Try it: Any pictures in the records below should be skipped; write out everything else exactly.

Top of Dataset

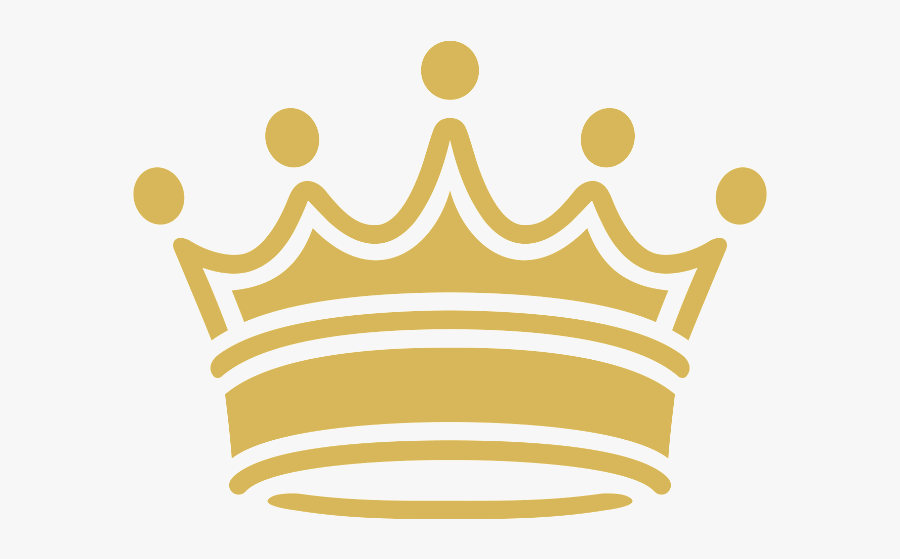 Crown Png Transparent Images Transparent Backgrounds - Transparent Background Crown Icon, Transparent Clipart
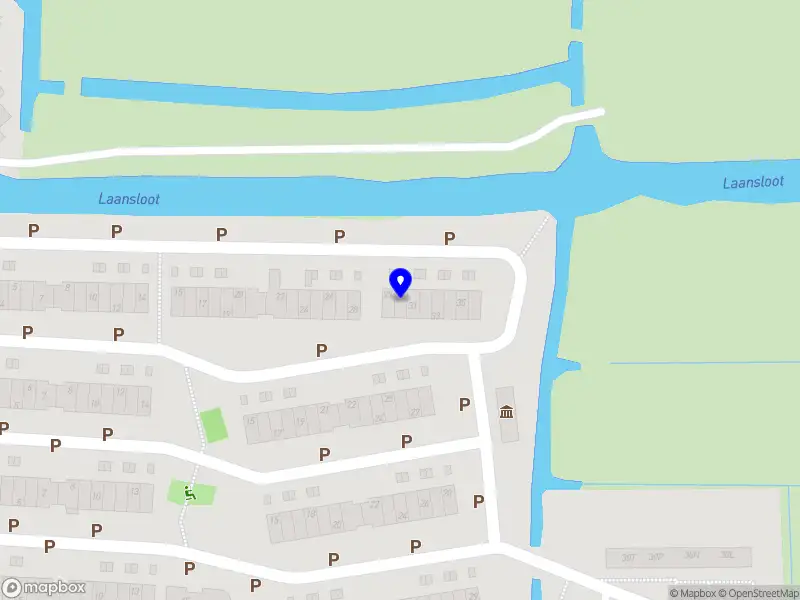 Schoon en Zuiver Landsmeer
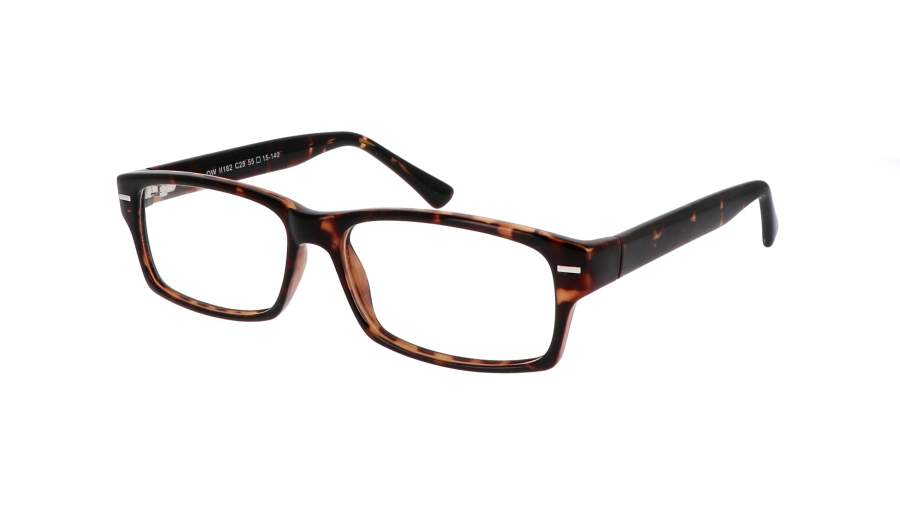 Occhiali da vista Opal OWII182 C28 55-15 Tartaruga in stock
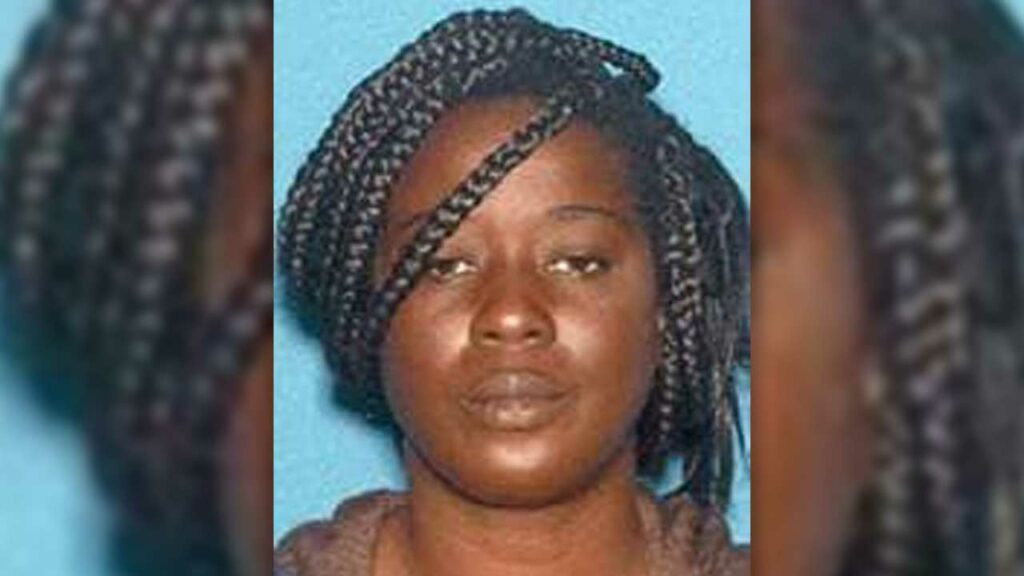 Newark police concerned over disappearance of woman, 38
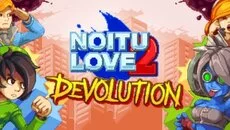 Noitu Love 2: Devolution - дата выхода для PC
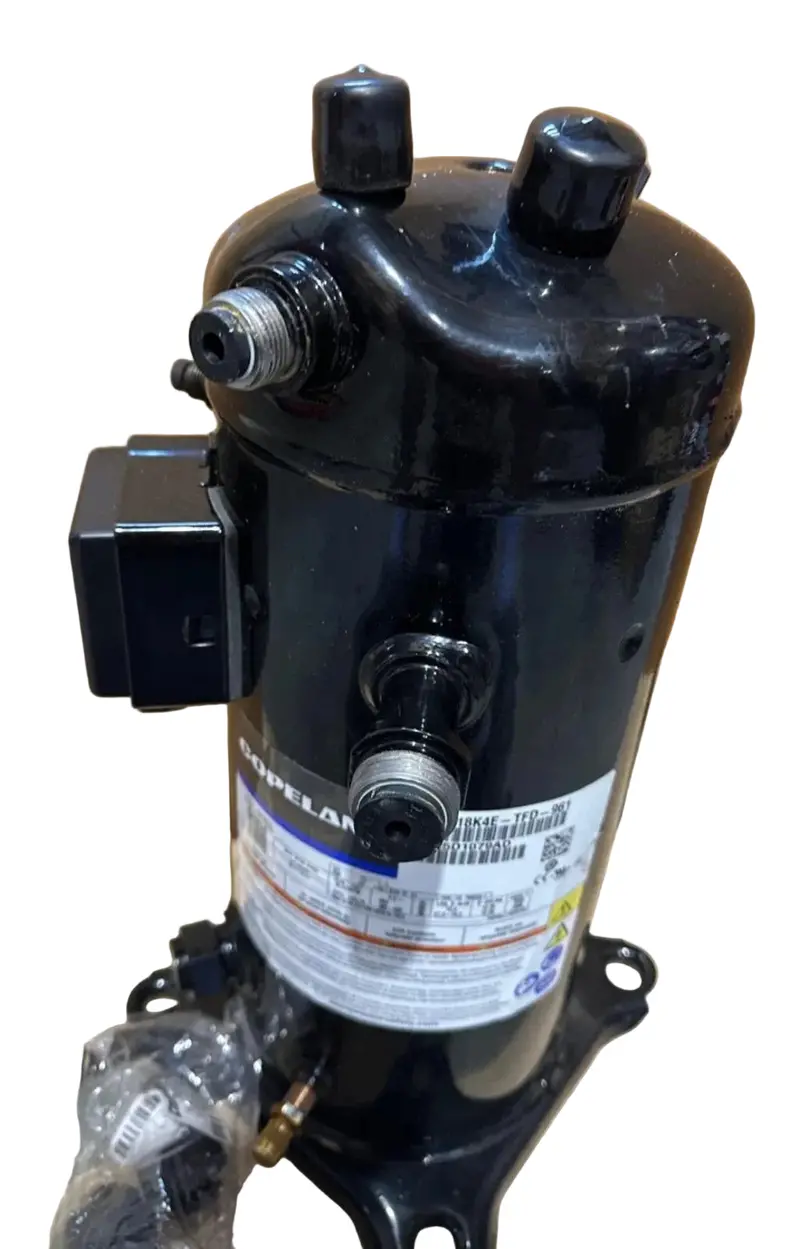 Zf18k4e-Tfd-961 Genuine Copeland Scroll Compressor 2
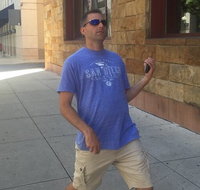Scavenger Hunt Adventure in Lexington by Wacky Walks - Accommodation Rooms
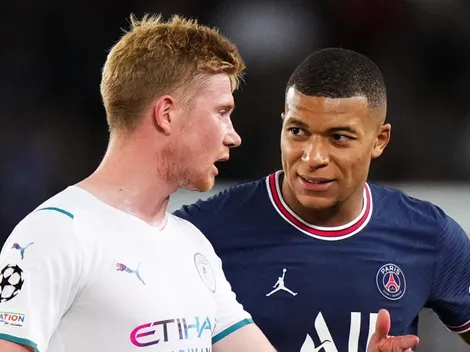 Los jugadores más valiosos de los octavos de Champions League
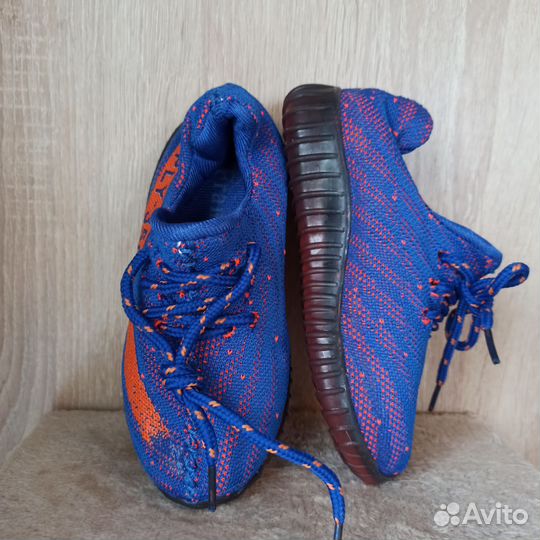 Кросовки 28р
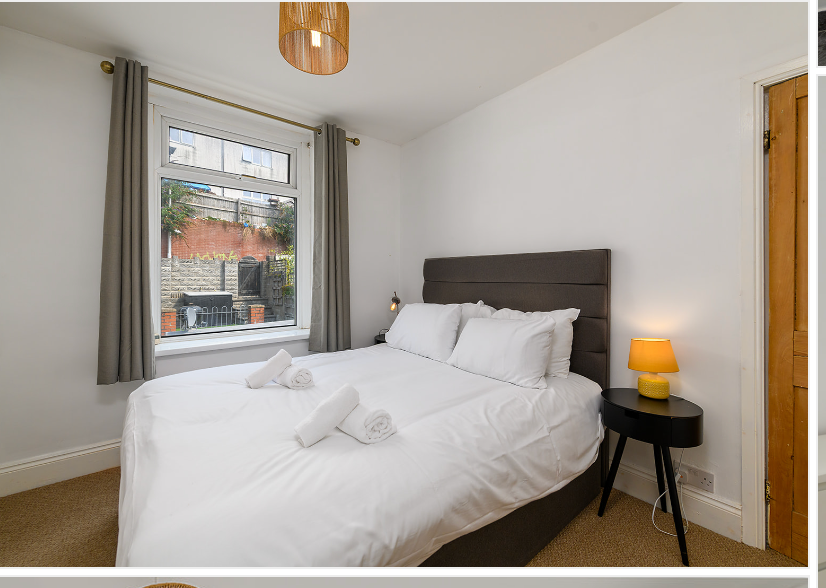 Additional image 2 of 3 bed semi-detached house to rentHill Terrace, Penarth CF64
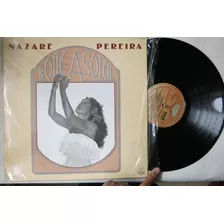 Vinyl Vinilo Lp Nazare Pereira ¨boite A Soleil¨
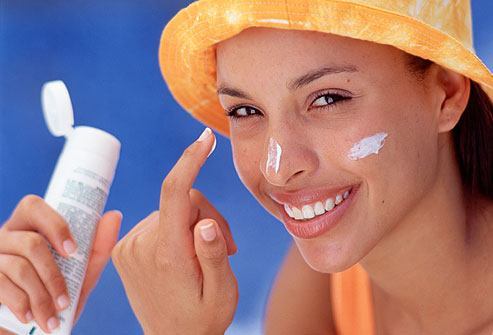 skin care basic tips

Bottom of Dataset

Result of this task:
 Crown Png Transparent Images Transparent Backgrounds - Transparent Background Crown Icon, Transparent Clipart
 Schoon en Zuiver Landsmeer
 Occhiali da vista Opal OWII182 C28 55-15 Tartaruga in stock
 Newark police concerned over disappearance of woman, 38
 Noitu Love 2: Devolution - дата выхода для PC
 Zf18k4e-Tfd-961 Genuine Copeland Scroll Compressor 2
Scavenger Hunt Adventure in Lexington by Wacky Walks - Accommodation Rooms
 Los jugadores más valiosos de los octavos de Champions League
 Кросовки 28р
 Additional image 2 of 3 bed semi-detached house to rentHill Terrace, Penarth CF64
 Vinyl Vinilo Lp Nazare Pereira ¨boite A Soleil¨
 skin care basic tips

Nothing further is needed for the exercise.